Solving an exponentially sized LP
Actually, we’ll restrain from solving the entire LP to obtain the optimum of knapsack covering LP. From the proof of claim, we noticed that the solution $x$ suffices, if it satisfies knapsack-covering inequality for the set $ A_{x} := \set{i\in [n] : x_{i} \ge 1/2}. $ provided the cost of $x$ is better than the optimal cost of knapsack covering LP. We’ll proceed the ellipsoid algorithm as follows:
- Start from a random solution $x$ and a large enough ellipsoid centered at $x$.
- If $x$ satisfies the knapsack covering inequality for $A_{x}$, cut the ellipsoid by the half-plane $\set{y : c^{T}y \le c^{T}x }$.
- If $x$ violates, we got the separation oracle.
It’s provided that the algorithm terminates in the polynomial time, finding or failed to finding an optimal (basic) point $x_{0}$ satisfying knapsack covering inequality respect to $A_{x_0}$. We call a solution $x$ a self-covering solution if $x$ satisfies $A_{x}$ knapsack-covering inequality.
- If the algorithm ended up failing to find any single self-covering solution, we conclude that the polytope is empty, since the ellipsoid must be shrunken enough.
- Otherwise, the last self-covering solution and the following violations guarantees that there is no feasible solution of full knapsack-covering LP with better cost compared to it.
Either way, we proved that our algorithm gives the desired result.

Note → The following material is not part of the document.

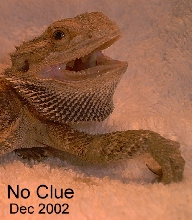 No Clue
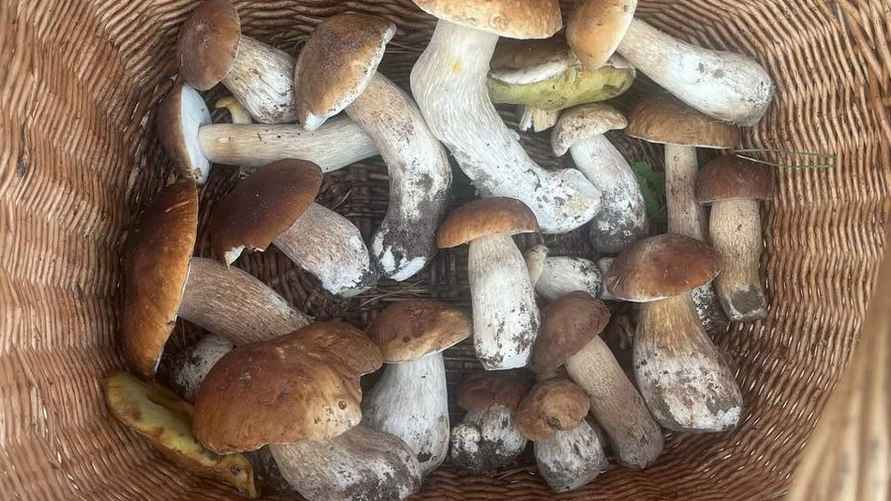 Фото: t.me/grybybelarus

As a side note, set of self-covering solution is not necessarily convex, considering the form of constraint.
References
- Williamson, David P., and David B. Shmoys. The design of approximation algorithms. Cambridge university press, 2011.
- For primal-dual approach.
- Carr, Robert D., et al. Strengthening integrality gaps for capacitated network design and covering problems. No. SAND99-1972C. Sandia National Lab.(SNL-NM), Albuquerque, NM (United States); Sandia National Lab.(SNL-CA), Livermore, CA (United States), 1999.
- For rounding approach.
- Grötschel, Martin, László Lovász, and Alexander Schrijver. Geometric algorithms and combinatorial optimization. Vol. 2. Springer Science & Business Media, 2012.